▶ [DATA SECTION]:
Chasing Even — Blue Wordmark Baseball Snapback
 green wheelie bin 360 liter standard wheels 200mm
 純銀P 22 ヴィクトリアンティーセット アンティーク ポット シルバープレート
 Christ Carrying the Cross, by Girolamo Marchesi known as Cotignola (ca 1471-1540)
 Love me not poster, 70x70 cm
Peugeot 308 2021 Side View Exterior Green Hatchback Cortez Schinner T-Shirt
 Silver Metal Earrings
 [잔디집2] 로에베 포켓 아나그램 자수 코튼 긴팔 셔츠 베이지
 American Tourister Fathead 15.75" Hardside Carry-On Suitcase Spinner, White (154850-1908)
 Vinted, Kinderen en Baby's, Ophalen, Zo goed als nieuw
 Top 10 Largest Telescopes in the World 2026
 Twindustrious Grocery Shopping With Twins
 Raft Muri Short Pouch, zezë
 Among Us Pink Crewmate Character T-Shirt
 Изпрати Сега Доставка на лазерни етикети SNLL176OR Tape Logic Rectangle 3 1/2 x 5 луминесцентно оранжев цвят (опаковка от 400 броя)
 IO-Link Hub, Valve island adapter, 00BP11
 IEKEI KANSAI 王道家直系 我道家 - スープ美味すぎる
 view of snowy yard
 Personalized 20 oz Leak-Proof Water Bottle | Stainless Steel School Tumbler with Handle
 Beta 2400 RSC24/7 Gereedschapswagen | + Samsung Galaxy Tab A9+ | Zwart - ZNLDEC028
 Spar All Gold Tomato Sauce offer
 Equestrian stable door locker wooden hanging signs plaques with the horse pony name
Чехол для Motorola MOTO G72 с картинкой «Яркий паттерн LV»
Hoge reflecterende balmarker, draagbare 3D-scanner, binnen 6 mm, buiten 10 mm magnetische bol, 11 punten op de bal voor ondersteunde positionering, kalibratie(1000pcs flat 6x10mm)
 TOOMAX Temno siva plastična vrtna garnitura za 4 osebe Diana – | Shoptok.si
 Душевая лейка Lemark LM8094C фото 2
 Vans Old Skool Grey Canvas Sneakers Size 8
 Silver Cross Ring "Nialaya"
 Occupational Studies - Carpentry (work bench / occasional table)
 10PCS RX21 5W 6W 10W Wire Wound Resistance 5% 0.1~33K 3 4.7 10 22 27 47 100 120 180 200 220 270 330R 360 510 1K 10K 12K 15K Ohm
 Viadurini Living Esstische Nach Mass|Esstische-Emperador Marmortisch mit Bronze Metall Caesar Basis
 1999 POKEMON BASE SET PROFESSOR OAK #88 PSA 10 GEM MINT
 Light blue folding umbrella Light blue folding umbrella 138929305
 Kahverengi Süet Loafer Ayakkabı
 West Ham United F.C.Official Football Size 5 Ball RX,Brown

▶ [EXERCISE PROMPT]:
Using only the entries above, output the line with "Peugeot 308 2021", the line with "IO-Link Hub, Valve island adapter, 00BP11", and all lines between them, exactly as they stand.

▶ [FINISHED TASK]:
Peugeot 308 2021 Side View Exterior Green Hatchback Cortez Schinner T-Shirt
 Silver Metal Earrings
 [잔디집2] 로에베 포켓 아나그램 자수 코튼 긴팔 셔츠 베이지
 American Tourister Fathead 15.75" Hardside Carry-On Suitcase Spinner, White (154850-1908)
 Vinted, Kinderen en Baby's, Ophalen, Zo goed als nieuw
 Top 10 Largest Telescopes in the World 2026
 Twindustrious Grocery Shopping With Twins
 Raft Muri Short Pouch, zezë
 Among Us Pink Crewmate Character T-Shirt
 Изпрати Сега Доставка на лазерни етикети SNLL176OR Tape Logic Rectangle 3 1/2 x 5 луминесцентно оранжев цвят (опаковка от 400 броя)
 IO-Link Hub, Valve island adapter, 00BP11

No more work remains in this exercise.